Driving home from work in 7 AM Honolulu traffic, I sometimes feel myself slowly getting depressed as I listen to NPR radio, realizing that the same tragedies continue a year later: the Rohingya genocide, the melting of the arctic ice, the threat of nuclear holocaust, tax reform that just makes the wealthy wealthier and punishes the middle class.

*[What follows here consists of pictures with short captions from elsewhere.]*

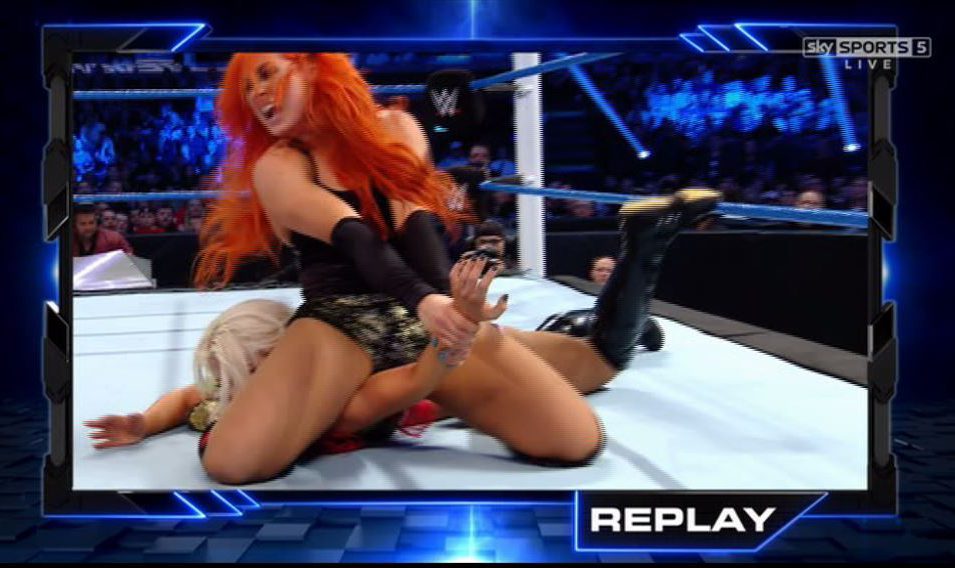 Becky Lynch makes Alexa Bliss tap out...but her foot was on the rope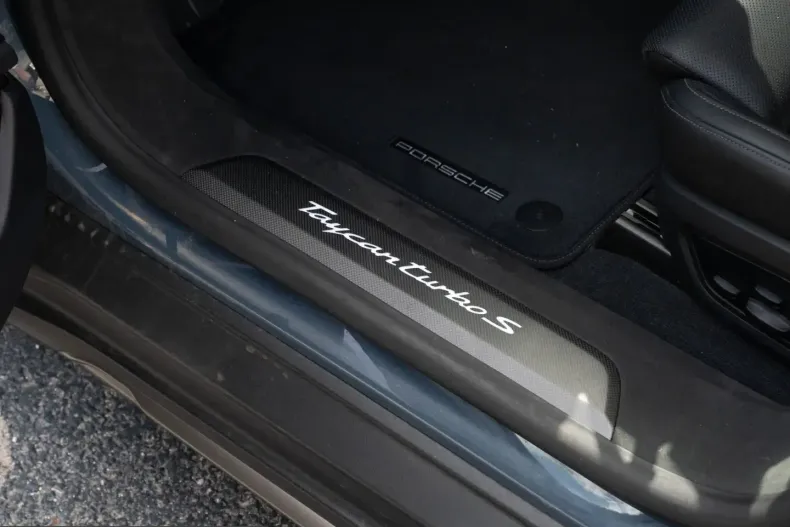 Porsche Taycan din 2025 cu 14.600 km - oferta POR257616 - foto 18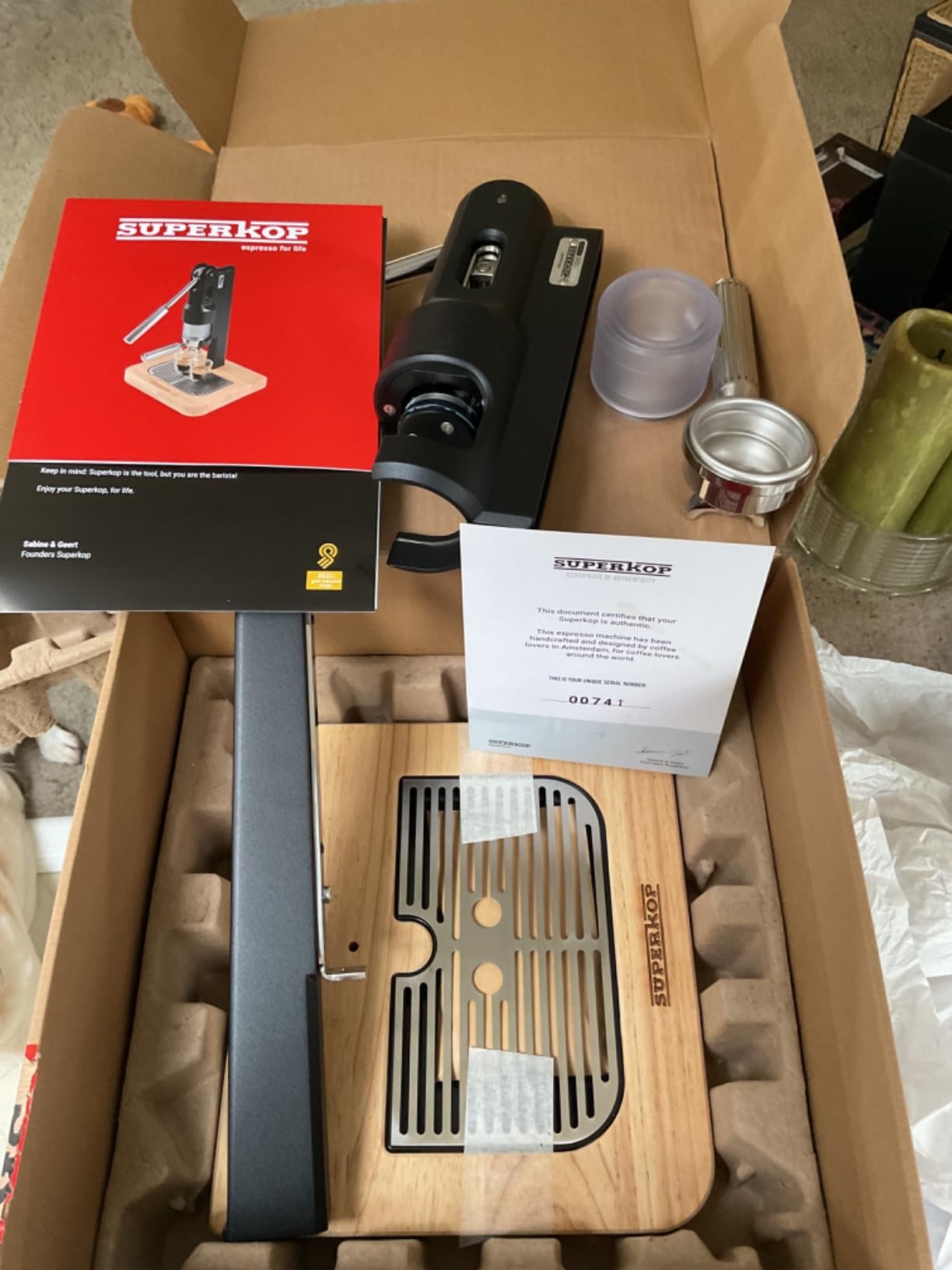 SUPERKOP Espresso & Coffee Maker, Manual Espresso Tool & Machine - Portable, Maintenance Free, Retro Stylish Design, Commercial & Home Purposes - 18 gr Espresso Capacity, Non-Electric - Black customer photo 2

I think about what Obama said last year—not only will we be OK, but we are, at our core, OK. I flash on the words of the 14th century Christian mystic Julian of Norwich, that T.S. Eliot borrowed for Little Gidding, and which the late Indian Jesuit Priest Anthony de Mello uses here:
“All mystics are unanimous on one thing: that all is well, all is well. Though everything is a mess, all is well. Strange paradox, to be sure. But, tragically, most people never get to see that all is well because they are asleep. They are having a nightmare.”
This mindfulness path we are treading together, we often hear, leads to s spiritual awakening – a waking up of from this sleep de Mello mentions above, which for some is one long, tedious nightmare.
I think some of the depression I feel comes from feeling helpless to do anything meaningful about what is so messed up in the world right now. I sometimes feel angry and indignant.
Robert Thurman (Uma’s father and professor of Indo-Tibetan Studies at Columbia University) wrote a piece in Tricycle Magazine soon after Bush beat Gore back in the year 2000 in which he wrote:
“People are afraid that if they let go of their anger and righteousness they’re going to lose the energy they need to do something about the problem. But actually you get more strength and energy by operating from a place of love and concern. You can be just as tough, but more effectively tough. It’s like a martial art.”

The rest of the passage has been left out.